Getting back to business has created new sets of questions for attorneys
Reopening and rebounding from NY-Covid Shutdown
Buffalo Business First
Partner and founder Corey Hogan of HoganWillig PLLC said the firm analyzes how a business performed prior to any downturns, starting in mid-March, as opposed to what confronts it now.
“If you were even struggling beforehand, then that’s something we can take a look at in terms of the fundamental solidness of your business,” he said. “Then once we have a feel, we can decide who from our various team members gets brought in to help.”
Diane Tiveron, managing partner, is part of initial conversations with clients and pinpoints which direction their legal needs may take.
“I try to bring all the resources that the firm has,” she said.
The firm has attorneys who handle bankruptcies which Hogan said in some situations can provide a crutch to reorganize.
Non-attorneys on the team include Scott Meacham, director of business operations and a former small-business owner.

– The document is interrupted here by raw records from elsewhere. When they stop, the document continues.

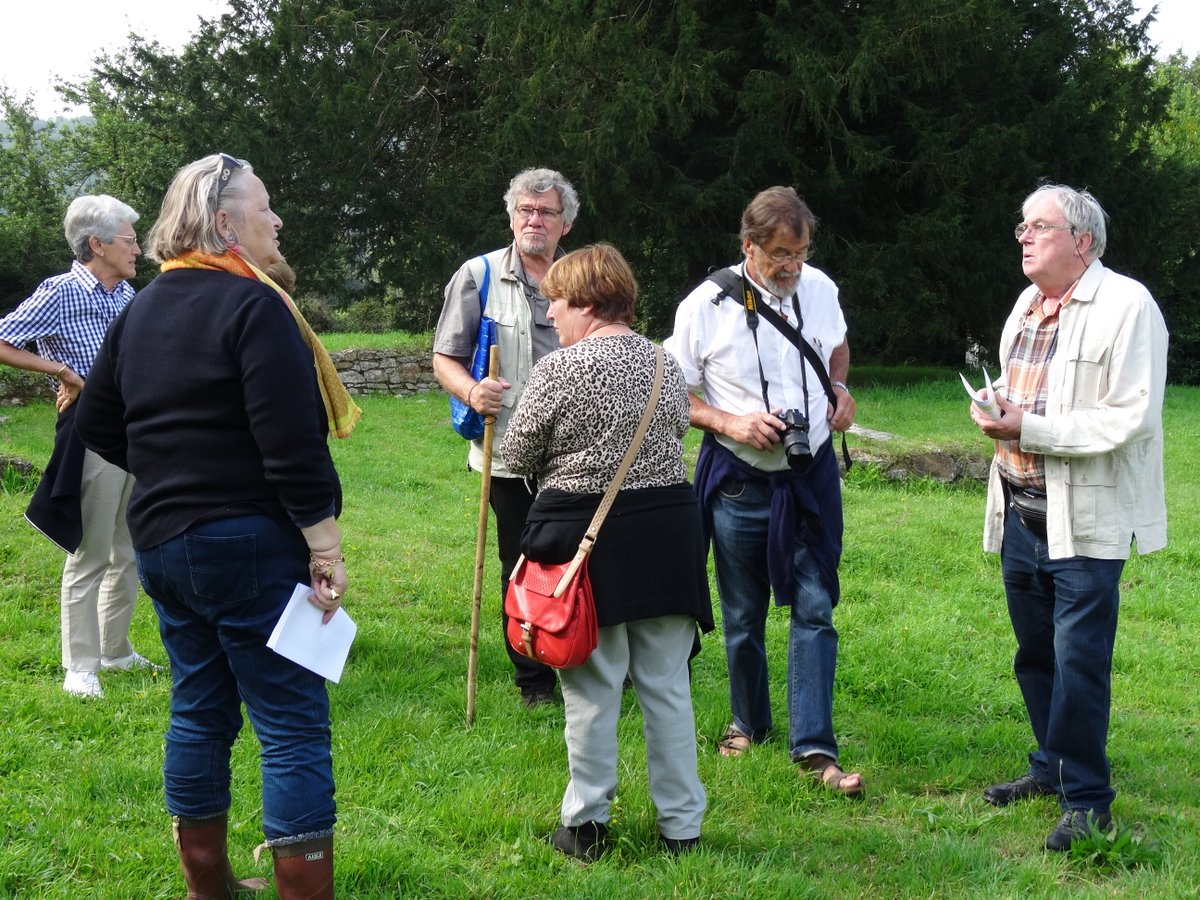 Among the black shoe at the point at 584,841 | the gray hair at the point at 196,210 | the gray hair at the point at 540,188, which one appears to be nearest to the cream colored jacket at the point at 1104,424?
the black shoe at the point at 584,841

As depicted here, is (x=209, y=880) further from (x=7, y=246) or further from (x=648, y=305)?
(x=7, y=246)

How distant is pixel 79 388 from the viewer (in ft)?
17.0

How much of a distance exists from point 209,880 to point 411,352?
17.1 metres

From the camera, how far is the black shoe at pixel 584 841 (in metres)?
3.72

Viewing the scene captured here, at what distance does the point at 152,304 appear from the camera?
294 centimetres

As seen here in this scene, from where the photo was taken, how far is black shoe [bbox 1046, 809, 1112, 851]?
390 centimetres

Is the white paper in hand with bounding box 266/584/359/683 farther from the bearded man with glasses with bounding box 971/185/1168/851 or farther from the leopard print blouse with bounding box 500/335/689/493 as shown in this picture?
the bearded man with glasses with bounding box 971/185/1168/851

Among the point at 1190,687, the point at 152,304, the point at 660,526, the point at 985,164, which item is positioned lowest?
the point at 1190,687

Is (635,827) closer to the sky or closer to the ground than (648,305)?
closer to the ground

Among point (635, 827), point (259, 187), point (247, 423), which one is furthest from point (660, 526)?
point (259, 187)

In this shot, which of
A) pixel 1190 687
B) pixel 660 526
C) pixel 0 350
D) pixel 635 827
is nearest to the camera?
pixel 660 526

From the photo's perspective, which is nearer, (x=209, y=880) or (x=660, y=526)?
(x=209, y=880)

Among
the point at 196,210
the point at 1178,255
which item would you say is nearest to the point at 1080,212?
the point at 196,210

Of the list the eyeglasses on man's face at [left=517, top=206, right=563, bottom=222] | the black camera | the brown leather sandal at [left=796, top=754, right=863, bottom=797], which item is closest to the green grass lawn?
the brown leather sandal at [left=796, top=754, right=863, bottom=797] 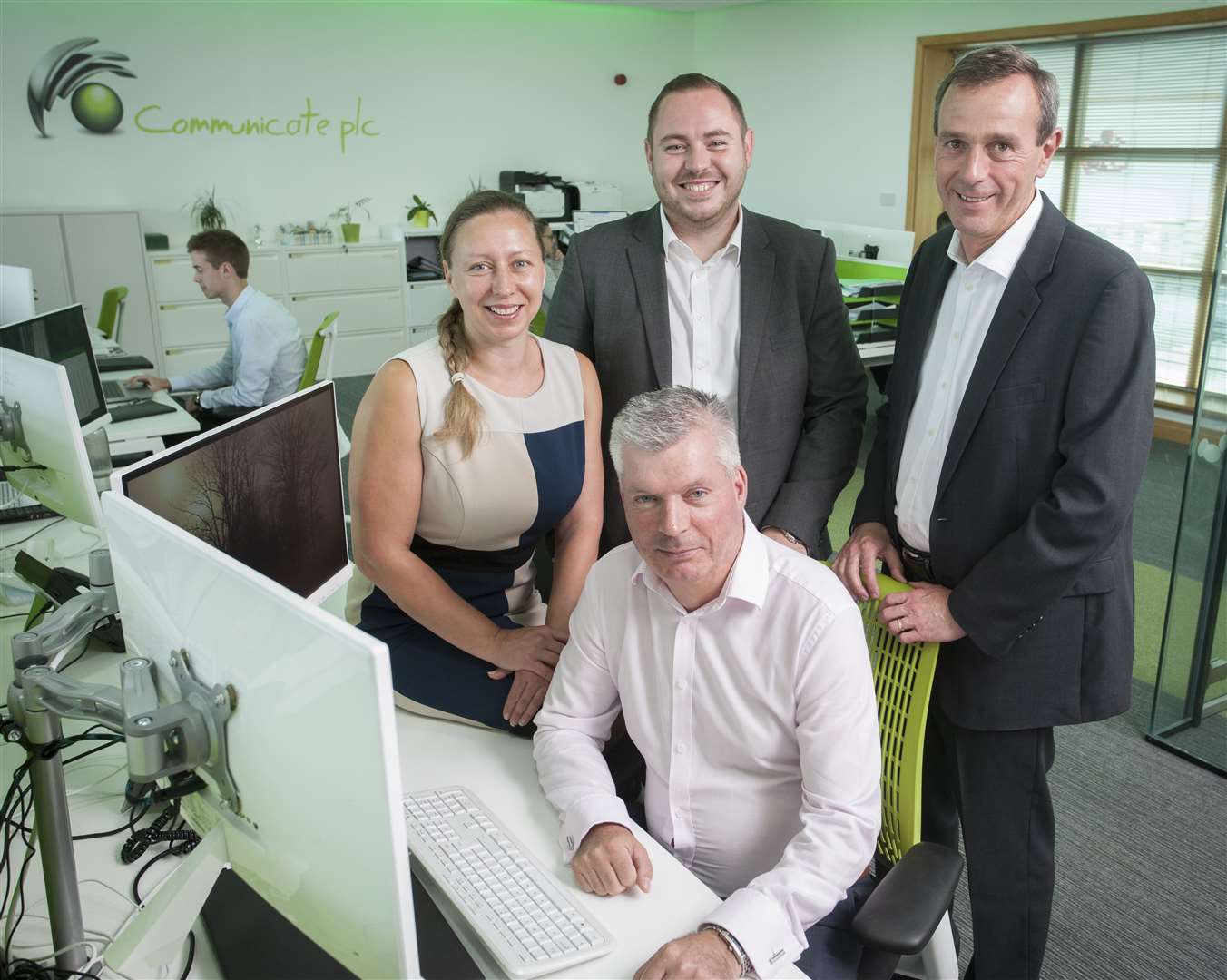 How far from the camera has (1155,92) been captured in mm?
6312

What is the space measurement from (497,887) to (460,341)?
39.1 inches

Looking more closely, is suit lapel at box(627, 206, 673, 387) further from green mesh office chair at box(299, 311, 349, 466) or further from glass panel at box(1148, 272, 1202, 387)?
glass panel at box(1148, 272, 1202, 387)

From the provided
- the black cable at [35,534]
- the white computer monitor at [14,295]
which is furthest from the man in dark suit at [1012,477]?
the white computer monitor at [14,295]

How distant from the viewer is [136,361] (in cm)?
518

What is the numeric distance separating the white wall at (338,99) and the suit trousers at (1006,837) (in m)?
7.58

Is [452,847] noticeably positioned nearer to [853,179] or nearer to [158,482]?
[158,482]

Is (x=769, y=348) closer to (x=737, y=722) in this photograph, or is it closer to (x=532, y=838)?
(x=737, y=722)

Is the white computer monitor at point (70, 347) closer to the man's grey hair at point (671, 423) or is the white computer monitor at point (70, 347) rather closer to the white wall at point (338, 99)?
the man's grey hair at point (671, 423)

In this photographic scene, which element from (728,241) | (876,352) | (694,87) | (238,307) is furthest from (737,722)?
(876,352)

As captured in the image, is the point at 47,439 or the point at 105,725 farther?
the point at 47,439

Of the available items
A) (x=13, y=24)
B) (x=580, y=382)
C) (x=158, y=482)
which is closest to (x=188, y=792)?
(x=158, y=482)

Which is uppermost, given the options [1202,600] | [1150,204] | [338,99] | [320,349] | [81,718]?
[338,99]

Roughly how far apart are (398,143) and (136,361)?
412 cm

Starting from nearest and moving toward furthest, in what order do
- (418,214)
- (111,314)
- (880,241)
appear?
(880,241)
(111,314)
(418,214) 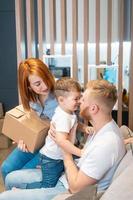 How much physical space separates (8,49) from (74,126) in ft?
8.48

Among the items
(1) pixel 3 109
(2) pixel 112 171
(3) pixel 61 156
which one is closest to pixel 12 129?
(3) pixel 61 156

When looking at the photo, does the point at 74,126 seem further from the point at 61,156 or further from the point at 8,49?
the point at 8,49

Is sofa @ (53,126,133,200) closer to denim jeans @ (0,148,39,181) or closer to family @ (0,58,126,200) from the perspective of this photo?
family @ (0,58,126,200)

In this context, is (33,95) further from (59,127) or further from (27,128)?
(59,127)

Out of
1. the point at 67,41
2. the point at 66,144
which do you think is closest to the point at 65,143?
the point at 66,144

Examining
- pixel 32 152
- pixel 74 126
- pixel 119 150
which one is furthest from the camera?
pixel 32 152

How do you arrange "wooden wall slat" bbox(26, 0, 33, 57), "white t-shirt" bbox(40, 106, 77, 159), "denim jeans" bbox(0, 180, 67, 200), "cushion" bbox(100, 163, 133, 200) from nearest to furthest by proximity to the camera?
"cushion" bbox(100, 163, 133, 200) → "denim jeans" bbox(0, 180, 67, 200) → "white t-shirt" bbox(40, 106, 77, 159) → "wooden wall slat" bbox(26, 0, 33, 57)

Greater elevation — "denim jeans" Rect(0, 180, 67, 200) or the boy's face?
the boy's face

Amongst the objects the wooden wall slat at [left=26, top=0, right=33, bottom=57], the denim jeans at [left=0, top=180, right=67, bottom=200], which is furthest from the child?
the wooden wall slat at [left=26, top=0, right=33, bottom=57]

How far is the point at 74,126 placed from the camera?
75.7 inches

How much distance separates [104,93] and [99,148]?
285 millimetres

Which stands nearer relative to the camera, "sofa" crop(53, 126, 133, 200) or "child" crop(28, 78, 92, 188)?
"sofa" crop(53, 126, 133, 200)

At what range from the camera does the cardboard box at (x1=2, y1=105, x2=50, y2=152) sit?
210cm

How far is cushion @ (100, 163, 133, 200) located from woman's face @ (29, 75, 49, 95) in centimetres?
104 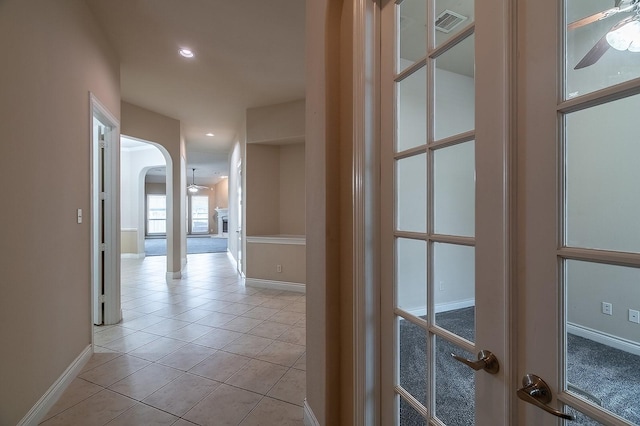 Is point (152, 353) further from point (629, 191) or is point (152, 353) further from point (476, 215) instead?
point (629, 191)

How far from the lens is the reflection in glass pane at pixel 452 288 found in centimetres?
87

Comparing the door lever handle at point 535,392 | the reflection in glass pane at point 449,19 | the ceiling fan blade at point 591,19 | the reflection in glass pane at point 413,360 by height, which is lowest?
the reflection in glass pane at point 413,360

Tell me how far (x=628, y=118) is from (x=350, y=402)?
137 centimetres

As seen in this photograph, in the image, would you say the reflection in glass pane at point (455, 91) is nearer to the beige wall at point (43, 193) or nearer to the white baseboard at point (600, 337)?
the white baseboard at point (600, 337)

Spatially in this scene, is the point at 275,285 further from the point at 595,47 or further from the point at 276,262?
the point at 595,47

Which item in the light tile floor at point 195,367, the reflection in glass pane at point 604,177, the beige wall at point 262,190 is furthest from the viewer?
the beige wall at point 262,190

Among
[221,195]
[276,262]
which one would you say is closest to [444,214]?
[276,262]

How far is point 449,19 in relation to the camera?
97 cm

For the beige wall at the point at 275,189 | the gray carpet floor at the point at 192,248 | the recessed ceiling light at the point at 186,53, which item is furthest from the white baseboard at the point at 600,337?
the gray carpet floor at the point at 192,248

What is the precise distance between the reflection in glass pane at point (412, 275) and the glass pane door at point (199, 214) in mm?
17188

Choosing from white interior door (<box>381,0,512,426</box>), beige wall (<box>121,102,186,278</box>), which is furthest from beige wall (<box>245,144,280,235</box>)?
white interior door (<box>381,0,512,426</box>)

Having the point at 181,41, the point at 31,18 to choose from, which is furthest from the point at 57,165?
the point at 181,41

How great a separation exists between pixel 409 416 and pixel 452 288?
541 mm

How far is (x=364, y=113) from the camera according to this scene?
122 centimetres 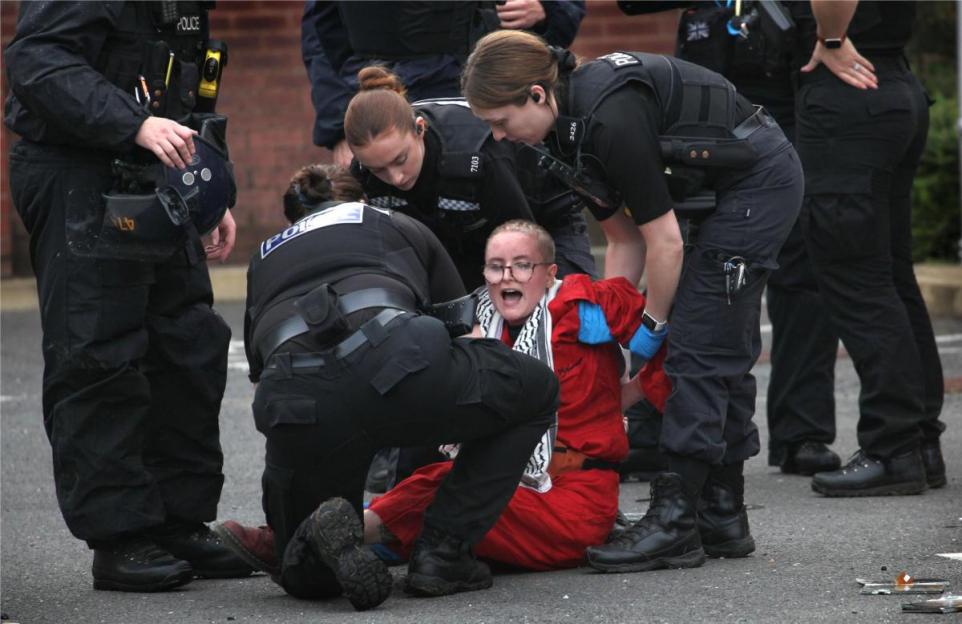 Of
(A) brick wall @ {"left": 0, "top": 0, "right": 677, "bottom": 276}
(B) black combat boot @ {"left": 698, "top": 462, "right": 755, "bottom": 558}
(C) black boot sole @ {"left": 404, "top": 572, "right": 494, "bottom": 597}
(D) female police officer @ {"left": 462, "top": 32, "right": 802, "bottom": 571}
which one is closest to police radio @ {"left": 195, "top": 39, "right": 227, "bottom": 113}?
(D) female police officer @ {"left": 462, "top": 32, "right": 802, "bottom": 571}

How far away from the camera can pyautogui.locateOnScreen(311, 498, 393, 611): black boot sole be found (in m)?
4.27

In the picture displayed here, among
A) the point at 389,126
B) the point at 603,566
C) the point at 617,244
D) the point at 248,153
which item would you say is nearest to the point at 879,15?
the point at 617,244

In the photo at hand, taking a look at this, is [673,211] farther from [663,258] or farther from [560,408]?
[560,408]

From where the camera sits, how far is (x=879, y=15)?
5.78 meters

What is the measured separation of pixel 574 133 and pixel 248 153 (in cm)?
750

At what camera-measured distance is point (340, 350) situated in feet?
14.4

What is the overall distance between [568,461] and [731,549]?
51cm

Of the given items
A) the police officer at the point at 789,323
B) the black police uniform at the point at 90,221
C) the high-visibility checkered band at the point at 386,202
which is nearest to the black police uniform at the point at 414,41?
the police officer at the point at 789,323

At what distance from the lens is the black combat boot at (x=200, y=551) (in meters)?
5.04

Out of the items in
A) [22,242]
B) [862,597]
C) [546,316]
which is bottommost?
[22,242]

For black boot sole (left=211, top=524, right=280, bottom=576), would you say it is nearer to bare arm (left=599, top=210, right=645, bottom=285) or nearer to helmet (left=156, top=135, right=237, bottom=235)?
helmet (left=156, top=135, right=237, bottom=235)

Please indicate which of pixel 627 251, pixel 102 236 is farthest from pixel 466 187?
pixel 102 236

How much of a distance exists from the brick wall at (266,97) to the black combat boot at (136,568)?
7.12 metres

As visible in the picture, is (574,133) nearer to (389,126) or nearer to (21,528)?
(389,126) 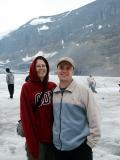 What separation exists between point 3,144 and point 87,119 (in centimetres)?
471

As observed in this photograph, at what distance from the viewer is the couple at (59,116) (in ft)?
12.7

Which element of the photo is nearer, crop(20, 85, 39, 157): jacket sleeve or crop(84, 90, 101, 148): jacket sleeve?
crop(84, 90, 101, 148): jacket sleeve

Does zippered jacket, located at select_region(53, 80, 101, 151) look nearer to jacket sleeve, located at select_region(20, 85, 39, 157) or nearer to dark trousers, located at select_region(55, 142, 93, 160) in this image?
dark trousers, located at select_region(55, 142, 93, 160)

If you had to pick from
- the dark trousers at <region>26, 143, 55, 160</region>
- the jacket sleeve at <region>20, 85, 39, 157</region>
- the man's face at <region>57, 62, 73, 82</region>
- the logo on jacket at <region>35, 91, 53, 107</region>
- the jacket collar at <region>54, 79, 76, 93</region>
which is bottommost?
the dark trousers at <region>26, 143, 55, 160</region>

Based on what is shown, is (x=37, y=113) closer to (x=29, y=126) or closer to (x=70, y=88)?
(x=29, y=126)

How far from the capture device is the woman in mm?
3957

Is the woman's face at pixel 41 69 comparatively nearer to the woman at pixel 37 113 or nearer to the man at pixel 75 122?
the woman at pixel 37 113

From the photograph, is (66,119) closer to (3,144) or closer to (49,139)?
(49,139)

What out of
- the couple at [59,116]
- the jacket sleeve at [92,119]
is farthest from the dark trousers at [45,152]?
the jacket sleeve at [92,119]

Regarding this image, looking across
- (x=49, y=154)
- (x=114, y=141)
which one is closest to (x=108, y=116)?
(x=114, y=141)

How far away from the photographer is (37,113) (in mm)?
3980

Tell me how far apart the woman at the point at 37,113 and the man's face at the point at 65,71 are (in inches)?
6.0

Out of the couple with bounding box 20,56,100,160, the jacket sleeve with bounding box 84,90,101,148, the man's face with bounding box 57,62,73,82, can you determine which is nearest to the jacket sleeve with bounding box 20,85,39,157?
the couple with bounding box 20,56,100,160

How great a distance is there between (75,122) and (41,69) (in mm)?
598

“It helps when I can relate to exactly what some of the clients are going through from my own personal experience,” Meacham said. “It helps to form a connection with them that can lead to real, practical solutions than an attorney might not see from their legal point of view.”
Many issues in front of businesses have not yet dissipated, Hogan said. If a business was unable to procure PPP funding or other loans, their operations would have likely fizzled out.
“Depending what you’re selling, there still may not be a lot of business out there,” Hogan said. “Most day-to-day functioning businesses, if they didn’t have some cash reserves, they are having a very hard time getting through each week.”